34. A welding fuel gas contains carbon and hydrogen only. Burning a small sample of it in oxygen gives 3.38 g carbon dioxide, 0.690 g of water and no other products. A volume of 10.0 L (measured at STP) of this welding gas is found to weigh 11.6 g.
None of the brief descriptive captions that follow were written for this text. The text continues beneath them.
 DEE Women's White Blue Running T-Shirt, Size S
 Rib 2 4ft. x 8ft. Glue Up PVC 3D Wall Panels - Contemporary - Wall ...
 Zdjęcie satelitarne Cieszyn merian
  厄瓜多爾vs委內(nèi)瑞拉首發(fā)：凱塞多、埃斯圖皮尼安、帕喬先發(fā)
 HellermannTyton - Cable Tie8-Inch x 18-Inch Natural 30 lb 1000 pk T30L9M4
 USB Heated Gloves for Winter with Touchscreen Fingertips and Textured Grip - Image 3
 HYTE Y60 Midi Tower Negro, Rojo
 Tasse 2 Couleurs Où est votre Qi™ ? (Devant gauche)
Calculate 

(i) empirical formula,

(ii) molar mass of the gas, and

(iii) molecular formula.

Answer:

(i) 1 mole (44 g) of CO₂ contains 12 g of carbon.
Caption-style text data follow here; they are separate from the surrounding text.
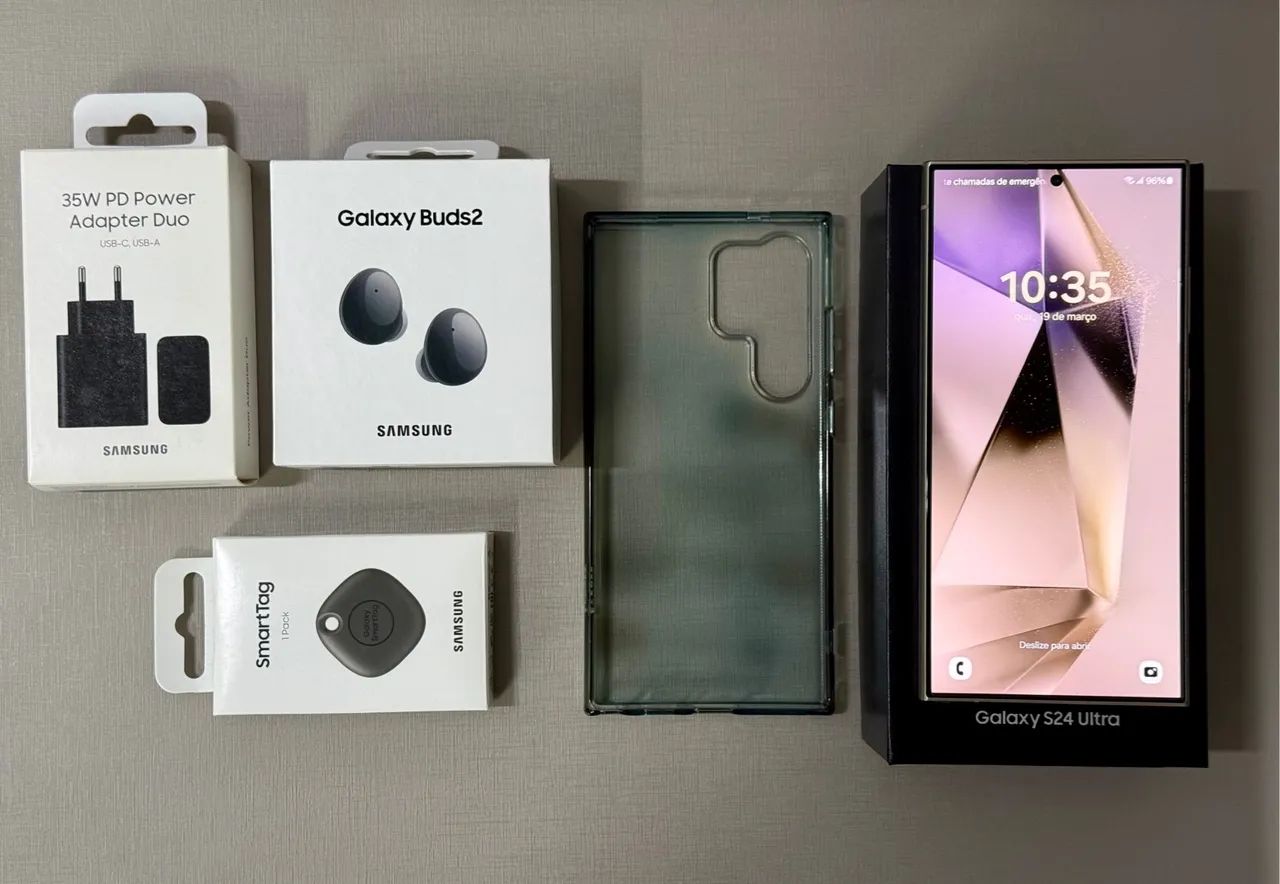 Samsung S24 Ultra 512gb + Acessórios!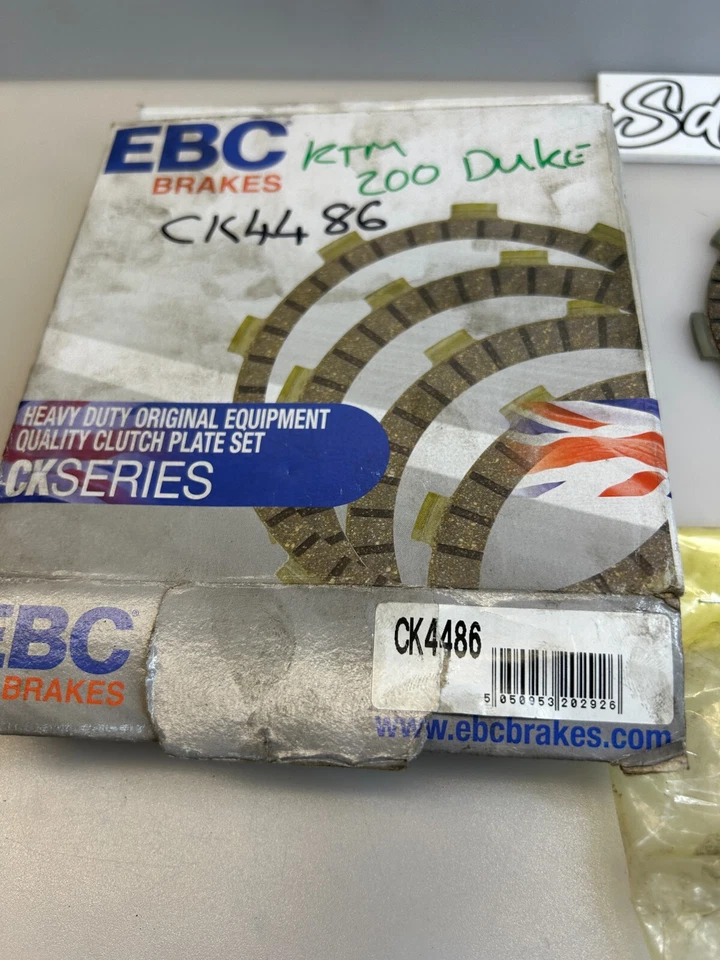 kit disque garni embrayage ebc ck4486 kawasaki kmx 125 a b ktm duke rc 200 - Photo 2/4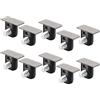 F Fityle 10x scaffale per scaffali pioli per piatti scaffali scaffale in legno scaffali di riposo per pin pins, Rettangolo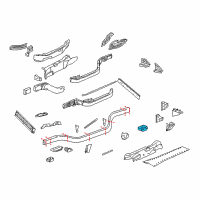 OEM 1998 Chevrolet Corvette Suspension Crossmember Rear Bracket Diagram - 10260656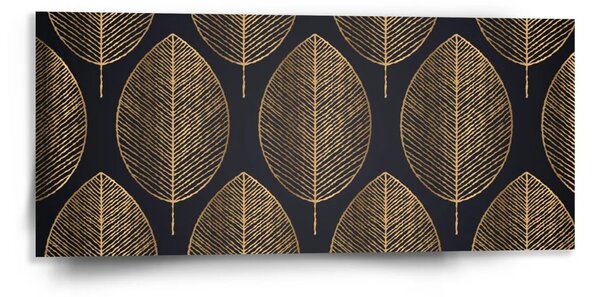 Sablio Obraz Zlaté listy - 110x50 cm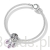 G331 Łapacz snów ze srebra charms koralik zawieszka beads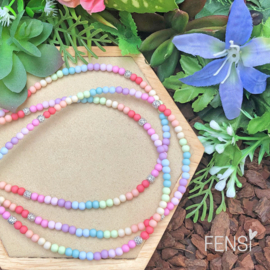 FENSI - Kinderketting Sparkle - candy rainbow - per stuk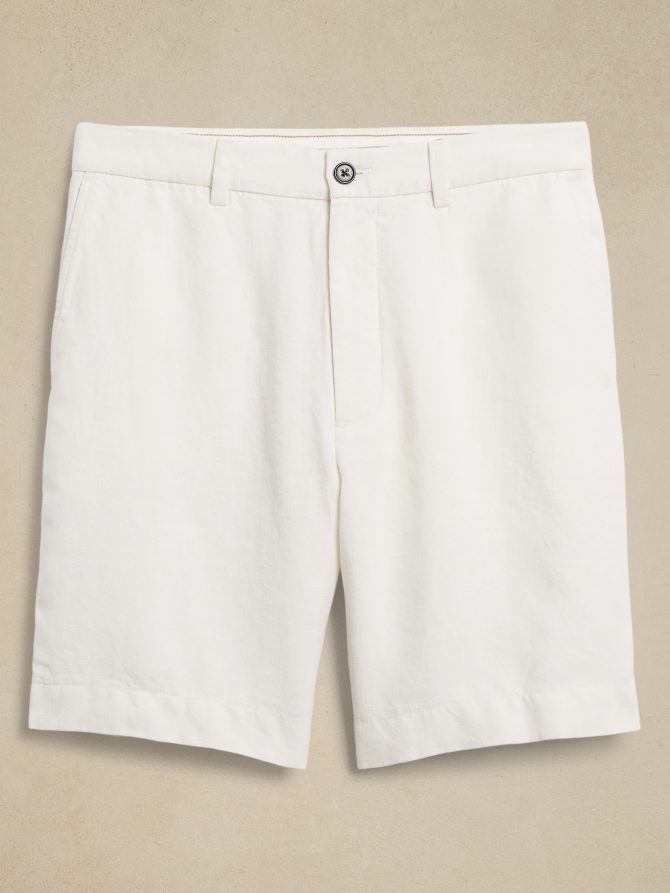 Lino 9" Linen Short - Image 7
\(\therefore\) 3.38 g of CO₂ will contain carbon = \(\frac{12g}{44g}\times3.38g\)

= 0.9217 g 

18 g of water contains 2 g of hydrogen.

\(\therefore\) 0.690 g of water will contain hydrogen = \(\frac{2g}{18g}\times0.690\)

= 0.0767 g

Since carbon and hydrogen are the only constituents of the compound, the total mass of the compound is: 

= 0.9217 g + 0.0767 g 

= 0.9984 g

\(\therefore\) Percent of C in the compound = \(\frac{0.9217\,g}{0.9984\,g}\times100\)

= 92.32%

Percent of H in the compound = \(\frac{0.0767g}{0.9984g}\times100\)

= 7.68%

 Moles of carbon in the compound = \(\frac{92.32}{12.00}\)

= 7.69 

Moles of hydrogen in the compound = \(\frac{7.68}{1}\)

= 7.68

\(\therefore\) Ratio of carbon to hydrogen in the compound = 7.69: 7.68 = 1: 1

Hence, the empirical formula of the gas is CH.

(ii) Given, 

Weight of 10.0L of the gas (at S.T.P) = 11.6 g

\(\therefore\) Weight of 22.4 L of gas at STP = \(\frac{11.6\,g}{10.0\,L}\times22.4L\)

 = 25.984 g 

≈ 26 g

Hence, the molar mass of the gas is 26 g.

(iii) Empirical formula mass of CH = 12 + 1 = 13 g

n = \(\frac{Molar\,mass\,of\,gas}{Empircial\,formula\,mass\,of\,gas}\)

= \(\frac{26g}{13g}\)

n = 2 

\(\therefore\) Molecular formula of gas = (CH)_n 

= C₂H₂

35. Calcium carbonate reacts with aqueous HCl to give CaCl₂ and CO₂ according to the reaction, 

CaCO_3(s) + 2 HCl_(aq) → CaCl_2(aq) + CO_2(g) + H₂O_(l) 

What mass of CaCO₃ is required to react completely with 25 mL of 0.75 M HCl?

Answer:

0.75 M of HCl ≡ 0.75 mol of HCl are present in 1 L of water 

≡ [(0.75 mol) × (36.5 g mol^–1)] HCl is present in 1 L of water 

≡ 27.375 g of HCl is present in 1 L of water 

Thus, 1000 mL of solution contains 27.375 g of HCl.

\(\therefore\) Amount of HCl present in 25 mL of solution

= \(\frac{27.375\,g}{1000\,mL}\times25\, mL\)

= 0.6844 g 

From the given chemical equation,

CaCO_3(s) + 2 HCl_(aq) → CaCl_2(aq) + CO_2(g) + H₂O_(l) 

2 mol of HCl (2 × 36.5 = 71 g) react with 1 mol of CaCO₃ (100 g).

\(\therefore\) Amount of CaCO₃ that will react with 0.6844 g = \(\frac{100}{71}\times0.6844g\)

= 0.9639 g

36. Chlorine is prepared in the laboratory by treating manganese dioxide (MnO₂) with aqueous hydrochloric acid according to the reaction

4HCl_(aq) + MnO_2(s) → 2H₂O_(l) + MnCl_2(aq) + Cl_2(g)

How many grams of HCl react with 5.0 g of manganese dioxide?

Answer:

1 mol [55 + 2 × 16 = 87 g] MnO₂ reacts completely with 4 mol [4 × 36.5 = 146 g] of HCl. 

5.0 g of MnO₂ will react with 

= \(\frac{146g}{87g}\times5.0g\) of HCl

= 8.4 g of HCl 

Hence, 8.4 g of HCl will react completely with 5.0 g of manganese dioxide.